• Your goal:
All lines below starting at the one that holds "Incense Burner Moon" and ending at the one that holds "Stock Photo - Town" should be printed exactly, ends included. Pictures should not be printed, nor anything else.

• Dataset entries:
--- START ---

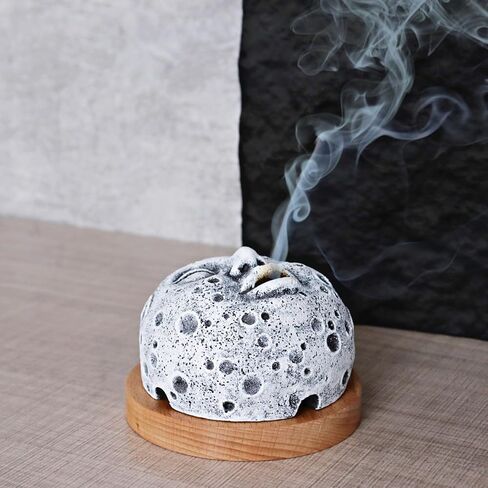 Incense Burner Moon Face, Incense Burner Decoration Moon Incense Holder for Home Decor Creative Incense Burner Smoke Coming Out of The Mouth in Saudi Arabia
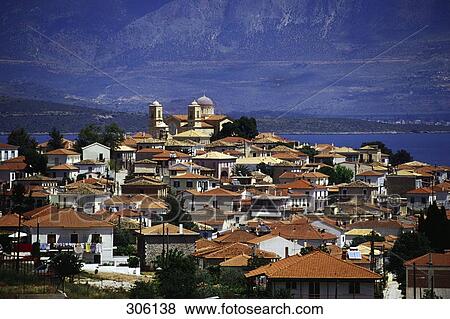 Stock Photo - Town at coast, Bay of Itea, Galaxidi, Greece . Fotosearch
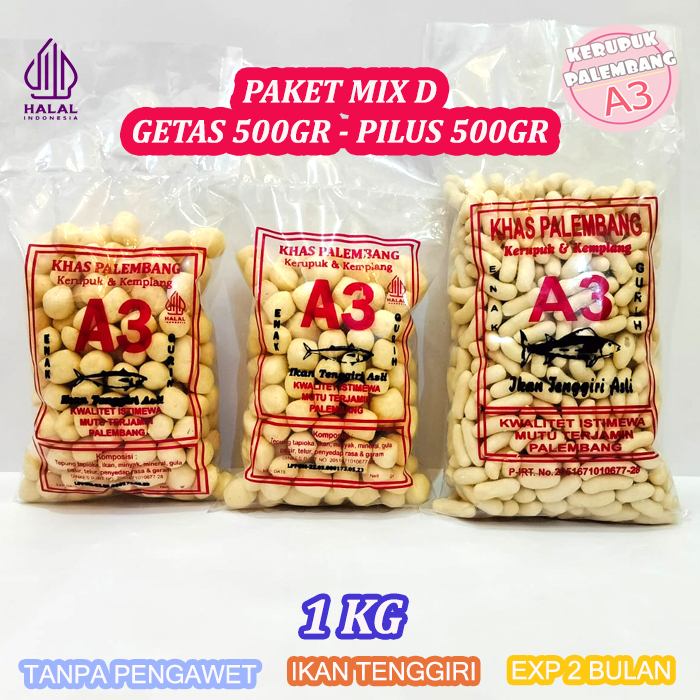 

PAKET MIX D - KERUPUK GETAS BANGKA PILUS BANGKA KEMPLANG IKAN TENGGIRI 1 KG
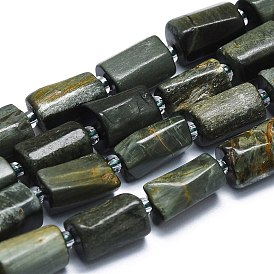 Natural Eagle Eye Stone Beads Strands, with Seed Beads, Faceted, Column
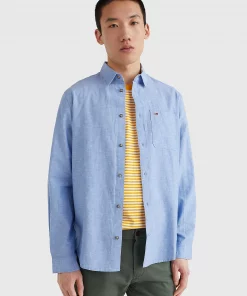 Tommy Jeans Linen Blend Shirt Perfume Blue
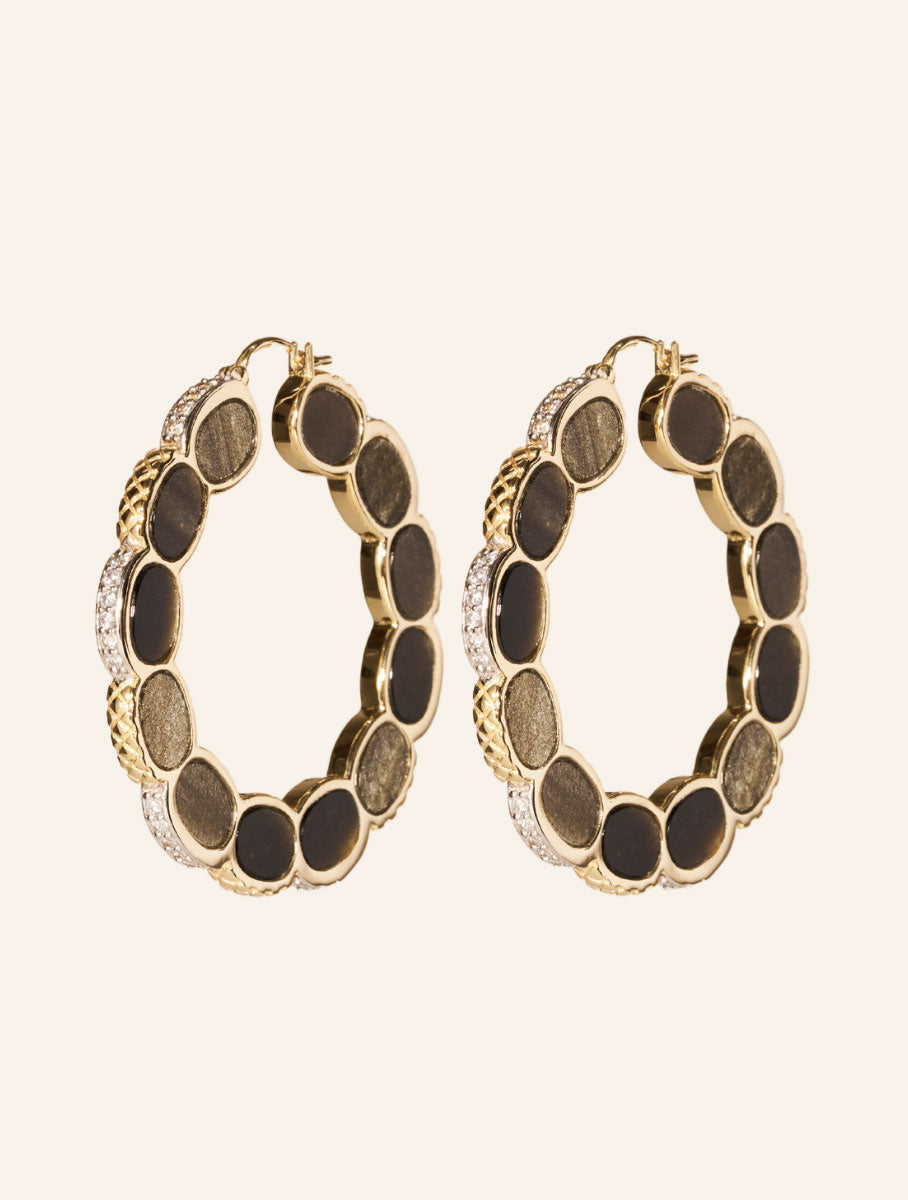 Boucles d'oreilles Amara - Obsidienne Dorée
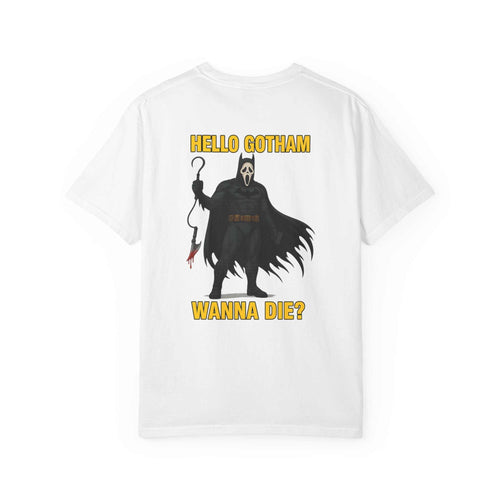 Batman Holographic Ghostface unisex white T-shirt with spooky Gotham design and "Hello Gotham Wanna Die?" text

--- END ---
--- START ---

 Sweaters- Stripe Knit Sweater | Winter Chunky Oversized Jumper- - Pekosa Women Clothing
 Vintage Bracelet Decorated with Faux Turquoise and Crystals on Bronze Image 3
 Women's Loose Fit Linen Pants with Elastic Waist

--- END ---
--- START ---

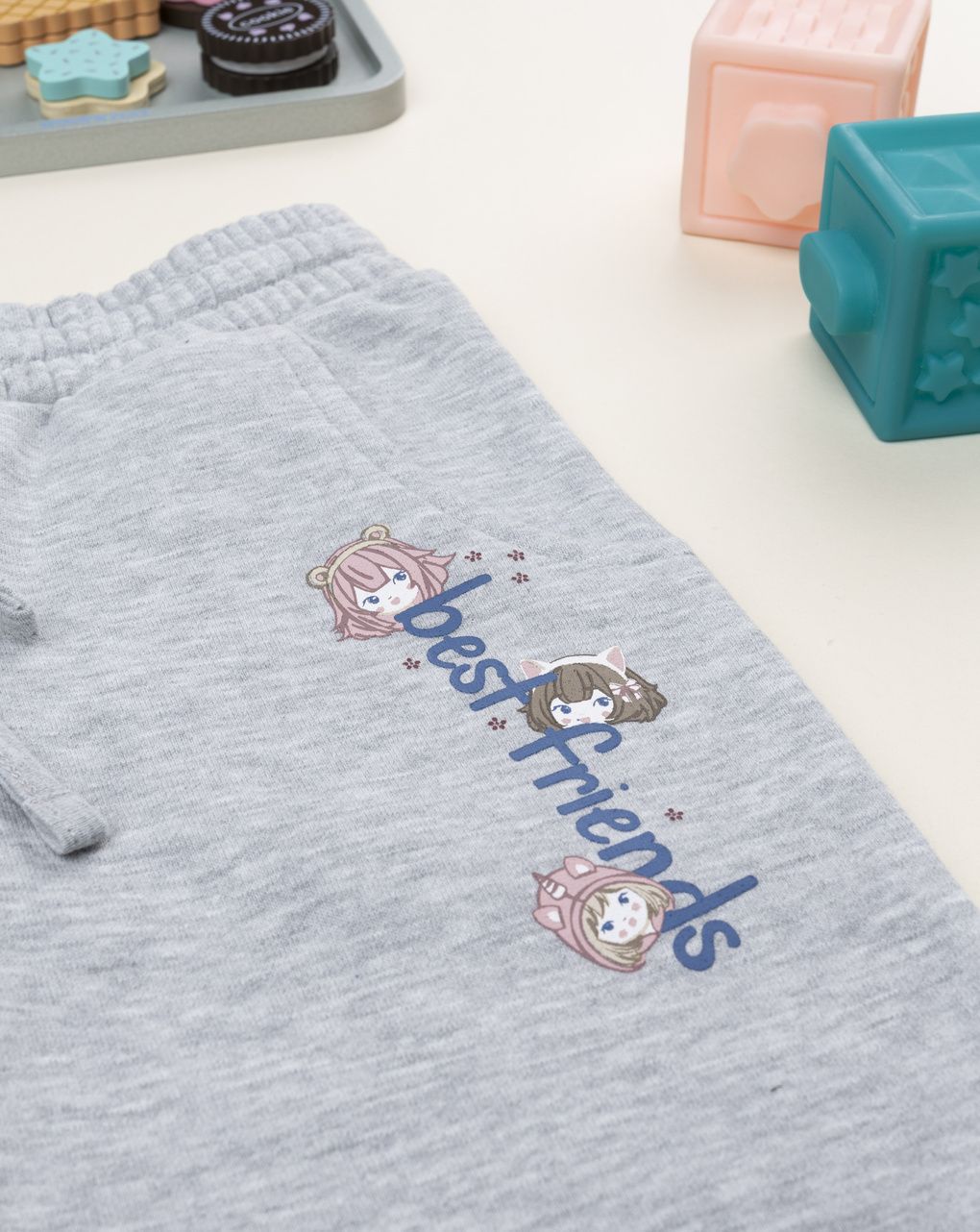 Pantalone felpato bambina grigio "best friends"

--- END ---

• Written answer:
 Incense Burner Moon Face, Incense Burner Decoration Moon Incense Holder for Home Decor Creative Incense Burner Smoke Coming Out of The Mouth in Saudi Arabia
 Stock Photo - Town at coast, Bay of Itea, Galaxidi, Greece . Fotosearch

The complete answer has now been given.